■ Exercise: Please return the listing below word for word, minus its pictures.

■ The data:
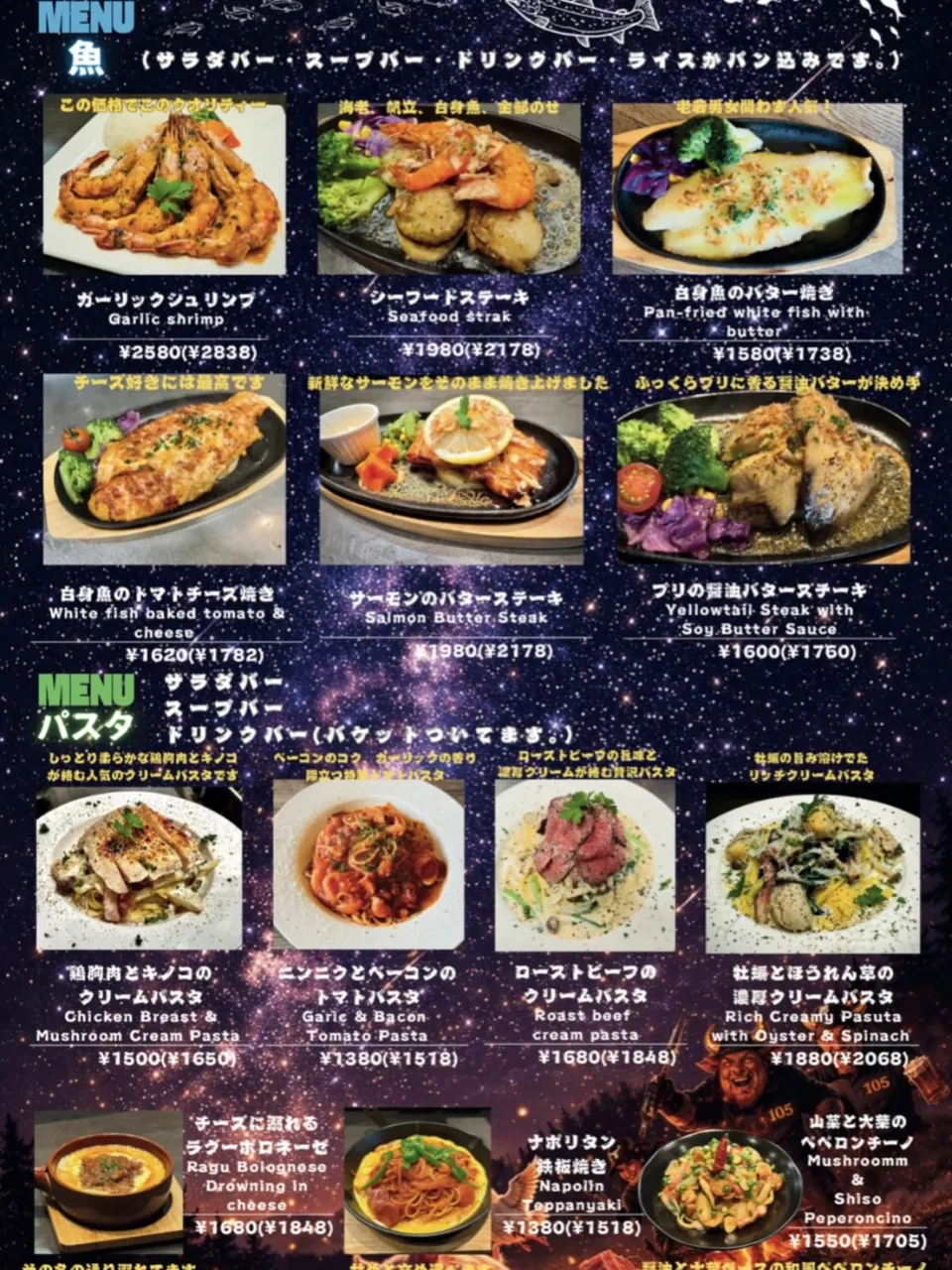 🍽️🔥 105 DELI＆肉酒場のランチはお得がいっぱい！ ...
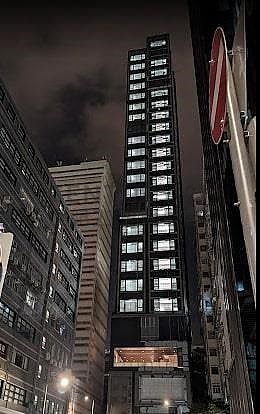 ONE TWO ONE Cheung Sha Wan H K191098 For Buy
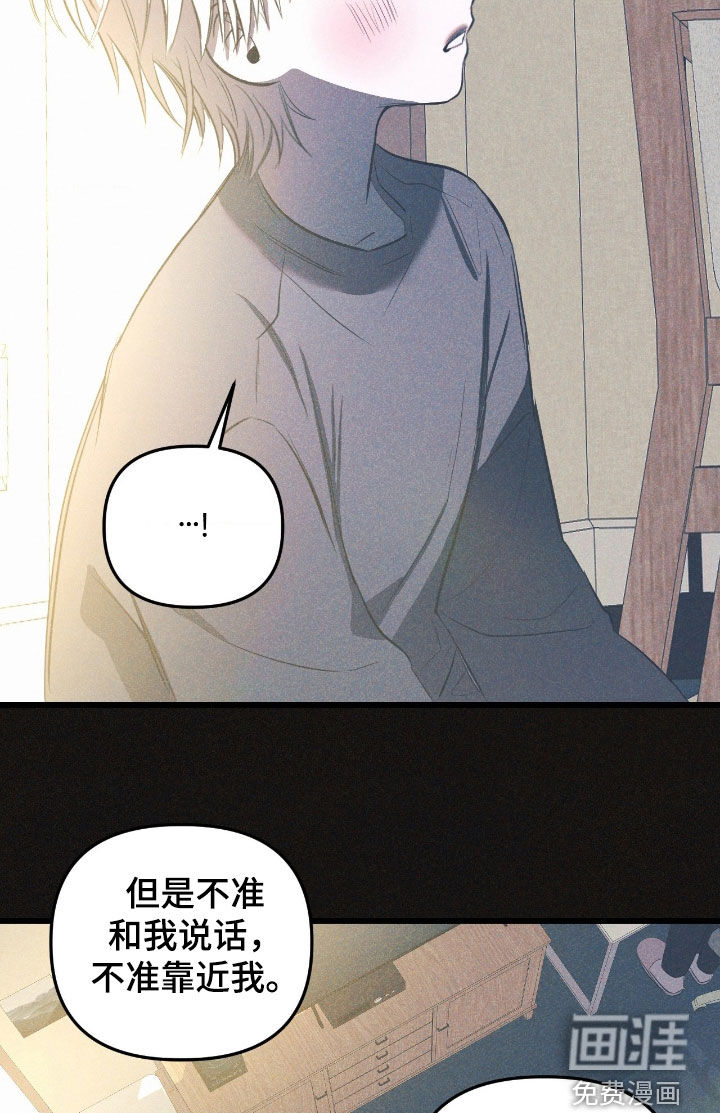 第37话11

■ Problem solution:
 🍽️🔥 105 DELI＆肉酒場のランチはお得がいっぱい！ ...
 ONE TWO ONE Cheung Sha Wan H K191098 For Buy
 第37话11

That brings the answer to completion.